Voyeurism as a Criminal Offence: A Consultation Paper (Abridged Version)

Concerns about Voyeurism

Concern about voyeurism has increased in light of recent incidents for which the Criminal Code provided no appropriate responses. The discovery in December 1999 of a video camera hidden inside a garbage can in the unisex washroom of the provincial Department of Justice in Fredericton, New Brunswick, raised questions about protecting the privacy rights of Canadians.

In February 2001, the media reported on a case of voyeurism at the Military College in Kingston. A video recording, made without the victim's consent while she engaged in a sexual act with an officer cadet, was later shown at several parties at the military base. The Crown Attorney advised police that the facts of the case did not disclose any offence under the Criminal Code and charges were therefore not laid under the Code. Of the three individuals involved in the case, one was acquitted of various offences under the National Defence Act. One individual pleaded guilty to two counts of disgraceful conduct and to one count of engaging in conduct to the prejudice of good order and discipline pursuant to sections 93 and 129, respectively, of the National Defence Act. He received a severe reprimand and a fine. Prior to trial he was administratively released from the Canadian Forces.

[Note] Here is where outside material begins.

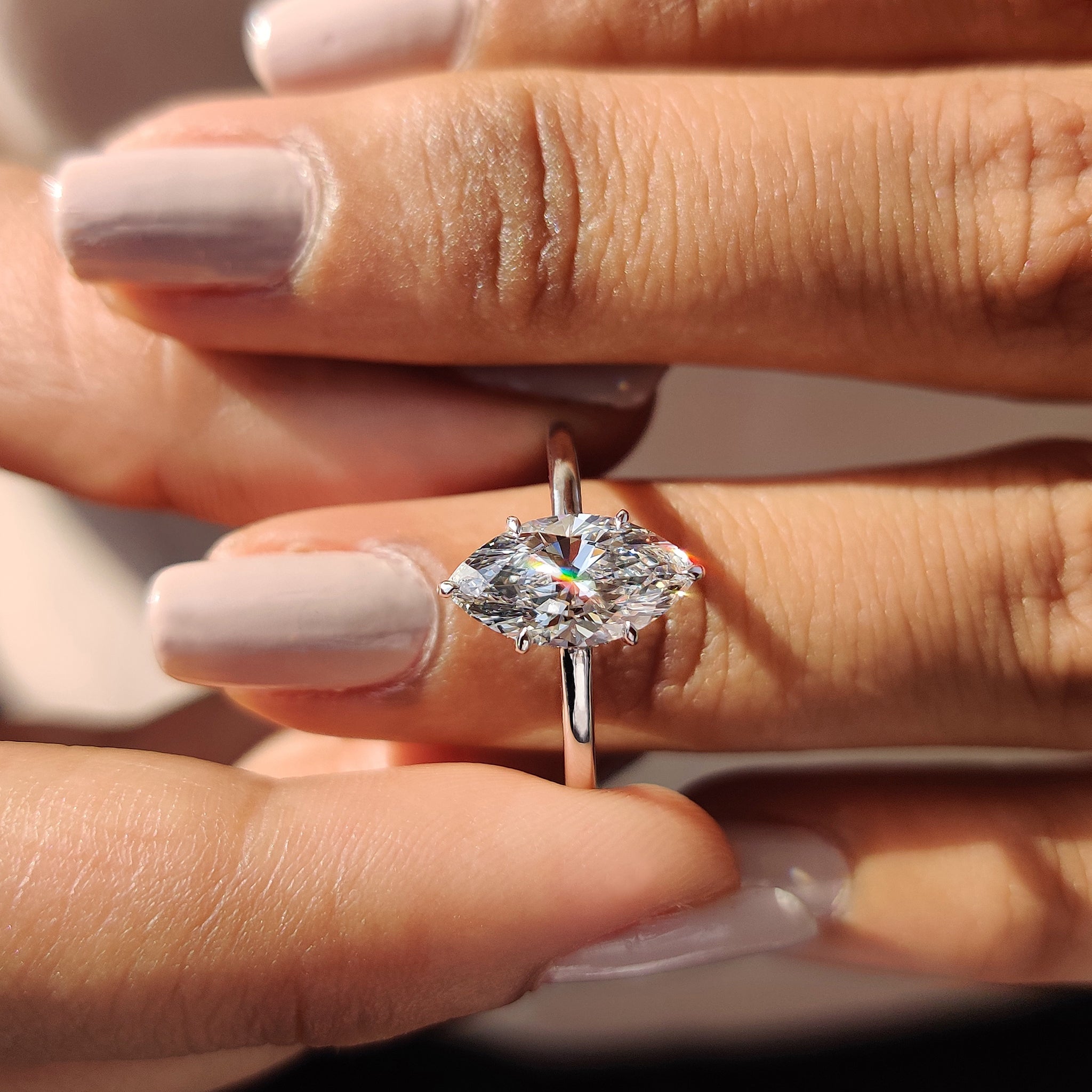 Handmade engagement ring crafted with precision and care.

The cadet who actually engaged in the sexual activity with the victim was found guilty of two counts of disgraceful conduct, was fined and was dismissed from the Canadian Forces.

On February 19, 2001, Maclean's magazine highlighted the degree to which new technologies, such as Web cameras and cameras hidden in everyday items, create a potential threat to privacy.

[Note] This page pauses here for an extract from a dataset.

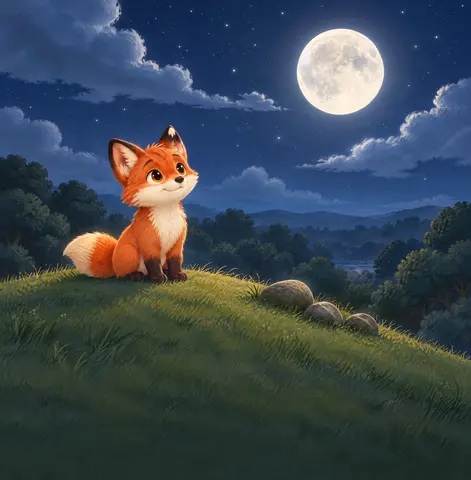 The moon always wakes before Filo. Every night it hangs above the forest, round and bright, like a silver cookie in the…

On February 12, 2002, the Federal, Provincial and Territorial Ministers responsible for Justice identified a need to create a voyeurism offence to protect victims of voyeurism and to address a "serious gap in the criminal law."

One justification for creating a voyeurism offence is that the secret viewing or recording of another person, which is done for a sexual purpose or which captures images of sexual organs, the anal region or explicit sexual activity, is a breach of that person's privacy to such a degree that it may undermine basic notions of the right to freedom and privacy in a democratic society.

Another justification for creating a voyeurism offence is that it would address emerging forms of crime made possible by new technologies (a priority identified in the last Speech from the Throne). A review of Internet sites that advertise voyeuristic materials confirms that there is a market for these images.